More to the point, some of the providers said they cannot pay their workers the higher wages mandated by the law unless the state coughs up some more money.

Attorney Brett Johnson argued to the justices that is exactly the kind of spending increase for which the constitution requires a revenue source.

But the justices, questioning Johnson last week, asked whether these were the kind of direct costs the Arizona Constitution is designed to cover. They clearly concluded they are not.

Johnson also argued there were, in fact, direct costs. He said the Industrial Commission of Arizona, which polices state labor laws, will need to write new rules to deal with the paid leave policy. And that, he said, will require additional staffers.

If nothing else, Johnson said, the change in the minimum wage will require the commission to print up new signs that employers have to post for their workers.

That contention drew skepticism from two of the justices. They said there is no evidence that the commission cannot perform those duties within its existing budget. And even if that’s not the case, they said these expenses were so minimal to not be the kind of things the constitutional mandate is designed to cover.

Chamber President Glenn Hamer said in a prepared statement he was disappointed. But he said that, if nothing else, now employers know — and can plan for — their obligations.

Attorney General Mark Brnovich, who defended the initiative against the chamber’s challenge, praisede the decision.

“As attorney general, my job is to uphold the rule of law,” he said in a statement. And he took a slap at the business interests for trying to use constitutional arguments to kill what voters approved in November on a 58-42 margin. “The constitution is designed to protect our rights. It is not a tool to be used to undermine the will of the people.”

Gov.
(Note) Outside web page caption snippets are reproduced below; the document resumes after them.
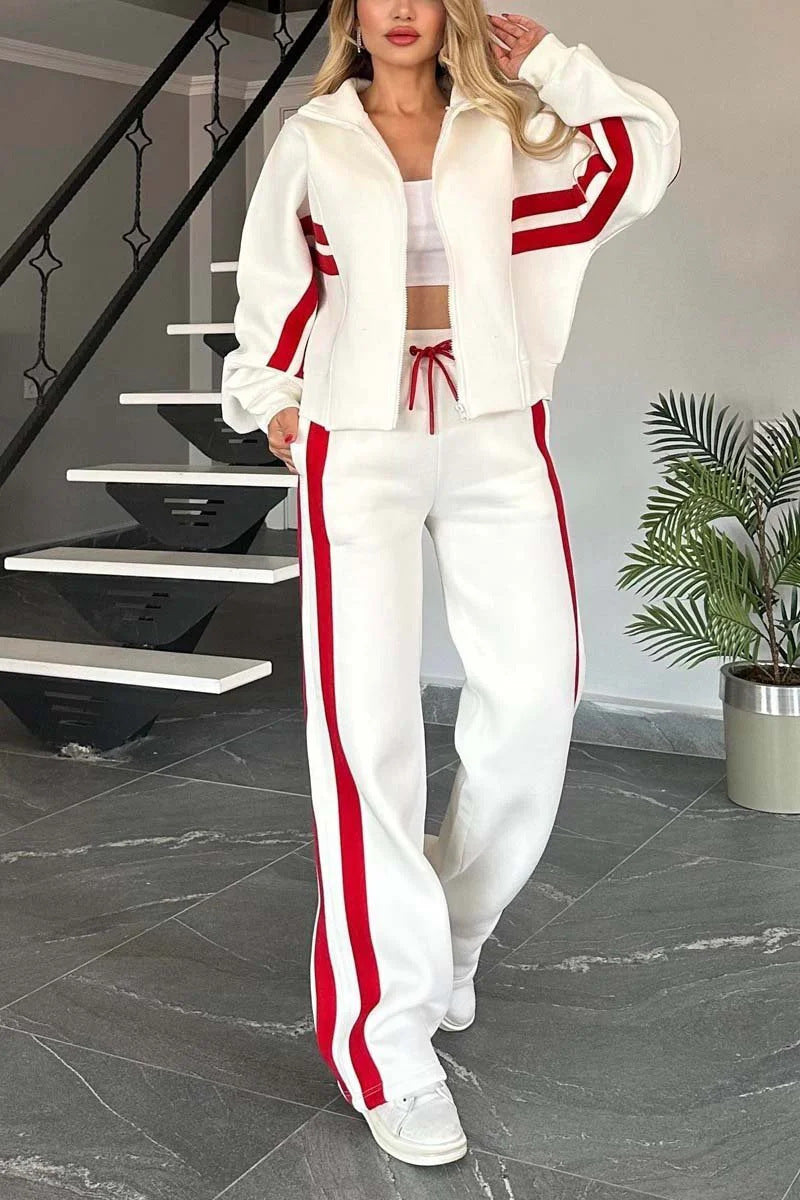 Women's Striped Two Piece Set – Relaxed Fit Sports Shirt and Pants
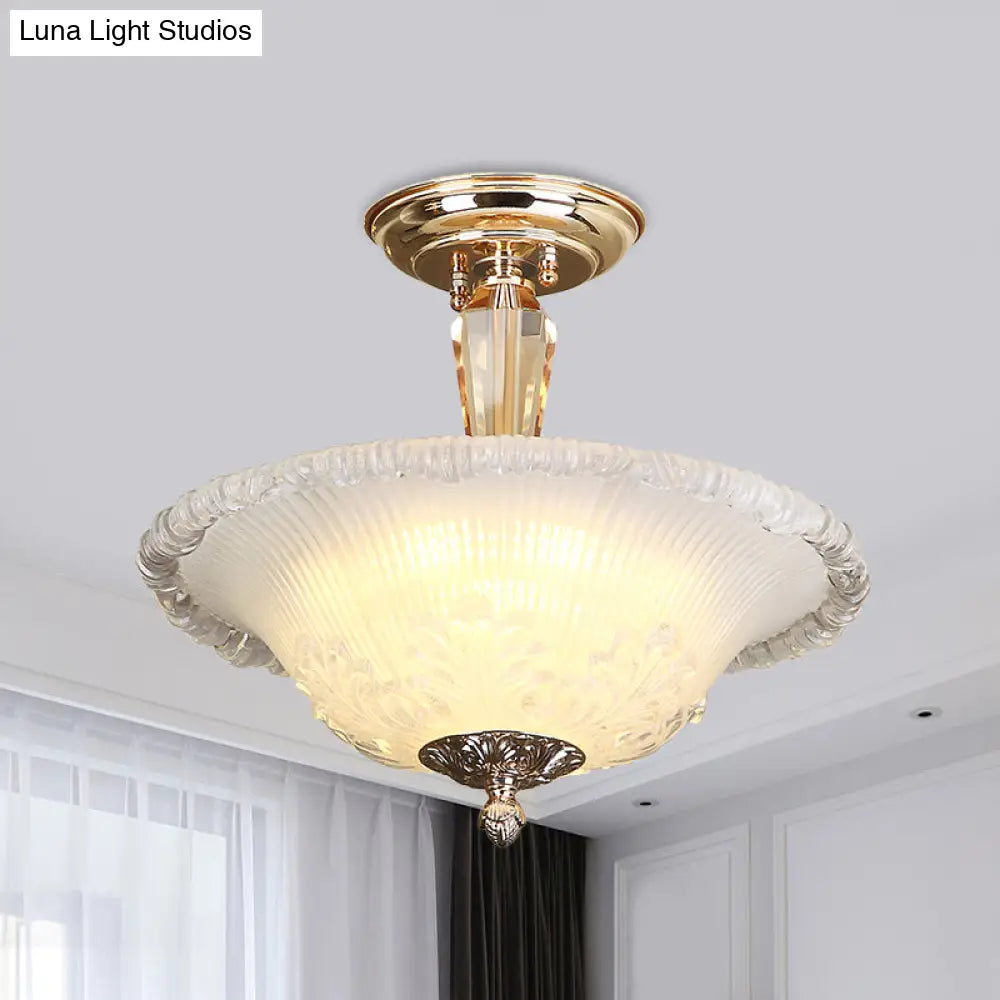 DecorBites™ DecorBites™ Golden LED Bowl Ceiling Light with Simple White/Yellow Crystal - Ideal for Hallway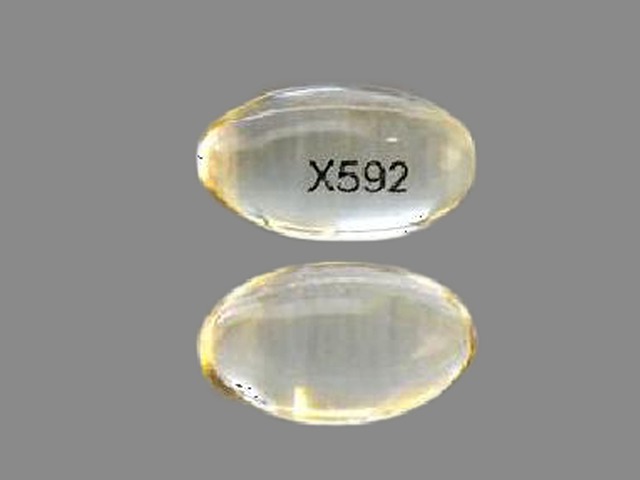 Yellow Capsule pill with imprint X592 — Zipsor Diclofenac potassium 25 mg; (view 2)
Doug Ducey, who publicly opposed the wage hike, was philosophical of the ruling.

“The Supreme Court has spoken,” he said late Tuesday. “We’re going to follow the law.”

The justices, who heard the arguments just a week earlier, promised a full-blown explanation of their unanimous ruling in the coming weeks. But the fact that they were able to reach consensus so quickly — and wanted to get the word out to workers — indicates they never really had any doubt about the legality of the initiative.